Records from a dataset

::::::::::

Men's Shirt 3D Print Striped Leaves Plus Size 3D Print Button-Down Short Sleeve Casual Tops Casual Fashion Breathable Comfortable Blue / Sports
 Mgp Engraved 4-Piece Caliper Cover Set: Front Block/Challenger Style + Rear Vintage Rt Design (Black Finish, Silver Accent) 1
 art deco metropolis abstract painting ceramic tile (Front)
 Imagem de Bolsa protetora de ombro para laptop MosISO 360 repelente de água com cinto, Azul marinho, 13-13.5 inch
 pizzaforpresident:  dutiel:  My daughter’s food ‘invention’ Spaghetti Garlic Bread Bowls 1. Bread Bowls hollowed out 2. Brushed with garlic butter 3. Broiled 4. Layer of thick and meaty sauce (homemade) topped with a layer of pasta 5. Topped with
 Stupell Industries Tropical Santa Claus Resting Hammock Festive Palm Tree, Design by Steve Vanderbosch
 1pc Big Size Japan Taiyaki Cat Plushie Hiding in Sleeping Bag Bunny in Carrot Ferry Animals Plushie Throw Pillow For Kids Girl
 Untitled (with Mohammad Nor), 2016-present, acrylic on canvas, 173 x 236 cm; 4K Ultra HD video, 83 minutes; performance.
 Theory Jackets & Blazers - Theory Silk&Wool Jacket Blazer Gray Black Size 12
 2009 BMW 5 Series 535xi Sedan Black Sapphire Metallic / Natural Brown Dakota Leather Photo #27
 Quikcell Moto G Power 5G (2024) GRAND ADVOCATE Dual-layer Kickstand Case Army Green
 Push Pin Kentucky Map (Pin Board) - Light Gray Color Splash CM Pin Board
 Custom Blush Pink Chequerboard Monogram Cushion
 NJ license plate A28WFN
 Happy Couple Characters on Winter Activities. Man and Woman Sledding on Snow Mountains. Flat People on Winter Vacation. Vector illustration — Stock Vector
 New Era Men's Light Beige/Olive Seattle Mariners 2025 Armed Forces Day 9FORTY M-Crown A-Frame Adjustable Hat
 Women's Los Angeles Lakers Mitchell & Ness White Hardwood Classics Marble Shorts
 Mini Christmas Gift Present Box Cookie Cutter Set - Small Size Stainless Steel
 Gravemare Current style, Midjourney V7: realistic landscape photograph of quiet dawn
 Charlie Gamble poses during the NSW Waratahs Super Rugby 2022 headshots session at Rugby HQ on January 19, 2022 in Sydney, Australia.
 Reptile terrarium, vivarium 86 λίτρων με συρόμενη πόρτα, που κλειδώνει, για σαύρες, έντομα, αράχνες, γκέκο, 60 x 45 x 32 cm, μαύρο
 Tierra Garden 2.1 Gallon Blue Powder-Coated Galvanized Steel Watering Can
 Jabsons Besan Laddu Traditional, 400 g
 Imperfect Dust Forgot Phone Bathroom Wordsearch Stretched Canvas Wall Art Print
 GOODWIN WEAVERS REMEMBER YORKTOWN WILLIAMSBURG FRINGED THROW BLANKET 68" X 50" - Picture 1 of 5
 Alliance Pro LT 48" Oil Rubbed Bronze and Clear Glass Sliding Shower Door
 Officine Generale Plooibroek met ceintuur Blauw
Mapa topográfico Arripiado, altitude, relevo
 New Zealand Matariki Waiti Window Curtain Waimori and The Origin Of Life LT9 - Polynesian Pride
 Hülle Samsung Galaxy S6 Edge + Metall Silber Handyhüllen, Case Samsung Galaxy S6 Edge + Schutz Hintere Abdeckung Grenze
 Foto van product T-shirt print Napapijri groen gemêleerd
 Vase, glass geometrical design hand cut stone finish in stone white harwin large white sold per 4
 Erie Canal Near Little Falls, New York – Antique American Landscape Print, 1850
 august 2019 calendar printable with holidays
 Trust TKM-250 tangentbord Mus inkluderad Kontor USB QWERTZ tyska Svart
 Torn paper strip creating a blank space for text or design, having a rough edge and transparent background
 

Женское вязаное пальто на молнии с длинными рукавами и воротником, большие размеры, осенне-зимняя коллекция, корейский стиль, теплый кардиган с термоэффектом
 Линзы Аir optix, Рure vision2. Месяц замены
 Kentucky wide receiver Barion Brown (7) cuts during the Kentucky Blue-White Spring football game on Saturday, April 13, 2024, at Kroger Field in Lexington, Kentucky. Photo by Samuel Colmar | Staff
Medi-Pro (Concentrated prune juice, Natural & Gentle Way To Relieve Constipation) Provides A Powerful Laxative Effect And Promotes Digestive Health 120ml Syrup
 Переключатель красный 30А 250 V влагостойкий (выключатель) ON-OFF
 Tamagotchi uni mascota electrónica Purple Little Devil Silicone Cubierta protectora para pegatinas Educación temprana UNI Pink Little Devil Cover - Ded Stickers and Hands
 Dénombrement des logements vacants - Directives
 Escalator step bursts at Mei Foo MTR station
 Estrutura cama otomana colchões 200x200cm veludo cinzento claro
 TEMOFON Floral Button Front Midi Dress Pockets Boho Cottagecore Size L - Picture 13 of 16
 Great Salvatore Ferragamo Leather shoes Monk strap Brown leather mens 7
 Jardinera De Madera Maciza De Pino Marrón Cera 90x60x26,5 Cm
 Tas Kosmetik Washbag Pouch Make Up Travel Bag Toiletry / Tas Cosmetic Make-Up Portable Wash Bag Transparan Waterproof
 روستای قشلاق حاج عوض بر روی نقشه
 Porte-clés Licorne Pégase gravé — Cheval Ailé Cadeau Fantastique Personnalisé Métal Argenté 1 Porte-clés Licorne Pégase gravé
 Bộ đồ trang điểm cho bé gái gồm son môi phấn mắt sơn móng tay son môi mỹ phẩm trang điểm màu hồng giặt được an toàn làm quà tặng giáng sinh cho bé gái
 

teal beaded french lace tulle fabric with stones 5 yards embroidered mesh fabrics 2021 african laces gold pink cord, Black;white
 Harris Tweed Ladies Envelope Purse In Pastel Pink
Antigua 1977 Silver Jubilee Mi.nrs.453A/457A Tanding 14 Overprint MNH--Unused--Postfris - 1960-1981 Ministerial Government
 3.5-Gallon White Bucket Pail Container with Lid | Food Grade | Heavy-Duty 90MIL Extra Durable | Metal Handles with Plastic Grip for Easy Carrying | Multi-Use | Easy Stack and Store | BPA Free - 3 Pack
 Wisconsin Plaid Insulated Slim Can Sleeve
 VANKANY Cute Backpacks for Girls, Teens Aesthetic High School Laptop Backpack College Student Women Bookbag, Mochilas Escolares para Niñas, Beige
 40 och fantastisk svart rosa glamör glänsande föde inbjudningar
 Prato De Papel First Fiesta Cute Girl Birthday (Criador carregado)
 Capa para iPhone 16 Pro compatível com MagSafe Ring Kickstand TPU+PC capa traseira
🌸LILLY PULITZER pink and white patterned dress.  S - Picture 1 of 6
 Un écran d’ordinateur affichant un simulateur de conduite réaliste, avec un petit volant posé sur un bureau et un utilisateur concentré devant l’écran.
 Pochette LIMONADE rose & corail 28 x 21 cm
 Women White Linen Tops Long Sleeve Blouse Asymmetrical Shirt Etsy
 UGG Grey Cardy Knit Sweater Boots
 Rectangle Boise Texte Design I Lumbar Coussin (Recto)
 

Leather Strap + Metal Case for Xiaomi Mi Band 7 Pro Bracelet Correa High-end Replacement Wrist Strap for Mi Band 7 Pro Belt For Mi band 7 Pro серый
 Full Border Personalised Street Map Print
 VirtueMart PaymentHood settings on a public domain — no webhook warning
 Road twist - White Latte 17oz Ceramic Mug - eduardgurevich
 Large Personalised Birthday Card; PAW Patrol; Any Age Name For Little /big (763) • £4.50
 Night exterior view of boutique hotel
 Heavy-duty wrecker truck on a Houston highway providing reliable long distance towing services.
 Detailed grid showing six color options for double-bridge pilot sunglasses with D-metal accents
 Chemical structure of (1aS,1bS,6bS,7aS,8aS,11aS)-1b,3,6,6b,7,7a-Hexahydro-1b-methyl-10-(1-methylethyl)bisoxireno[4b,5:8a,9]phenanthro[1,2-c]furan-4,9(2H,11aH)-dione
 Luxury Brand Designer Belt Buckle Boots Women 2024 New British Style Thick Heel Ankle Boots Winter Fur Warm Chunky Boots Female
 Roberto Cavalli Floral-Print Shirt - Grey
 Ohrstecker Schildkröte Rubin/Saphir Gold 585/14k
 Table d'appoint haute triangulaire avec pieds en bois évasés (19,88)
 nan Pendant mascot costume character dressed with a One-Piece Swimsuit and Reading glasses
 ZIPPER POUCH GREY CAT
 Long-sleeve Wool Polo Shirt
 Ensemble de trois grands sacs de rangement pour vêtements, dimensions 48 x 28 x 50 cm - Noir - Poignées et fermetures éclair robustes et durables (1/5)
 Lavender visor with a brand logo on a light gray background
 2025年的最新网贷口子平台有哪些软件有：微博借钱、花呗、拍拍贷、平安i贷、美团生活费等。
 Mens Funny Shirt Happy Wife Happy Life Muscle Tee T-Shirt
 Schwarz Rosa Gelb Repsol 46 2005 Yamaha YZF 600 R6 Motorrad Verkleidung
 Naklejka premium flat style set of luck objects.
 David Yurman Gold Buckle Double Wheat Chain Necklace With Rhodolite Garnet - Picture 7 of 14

::::::::::

▶ [WHAT THIS TASK INVOLVES]: Above are the records; from them, give again exactly the lines from the one containing "Happy Couple Characters" to the one containing "Charlie Gamble poses", both lines included, and nothing more.

▶ [RESPONSE TO THE EXERCISE]:
 Happy Couple Characters on Winter Activities. Man and Woman Sledding on Snow Mountains. Flat People on Winter Vacation. Vector illustration — Stock Vector
 New Era Men's Light Beige/Olive Seattle Mariners 2025 Armed Forces Day 9FORTY M-Crown A-Frame Adjustable Hat
 Women's Los Angeles Lakers Mitchell & Ness White Hardwood Classics Marble Shorts
 Mini Christmas Gift Present Box Cookie Cutter Set - Small Size Stainless Steel
 Gravemare Current style, Midjourney V7: realistic landscape photograph of quiet dawn
 Charlie Gamble poses during the NSW Waratahs Super Rugby 2022 headshots session at Rugby HQ on January 19, 2022 in Sydney, Australia.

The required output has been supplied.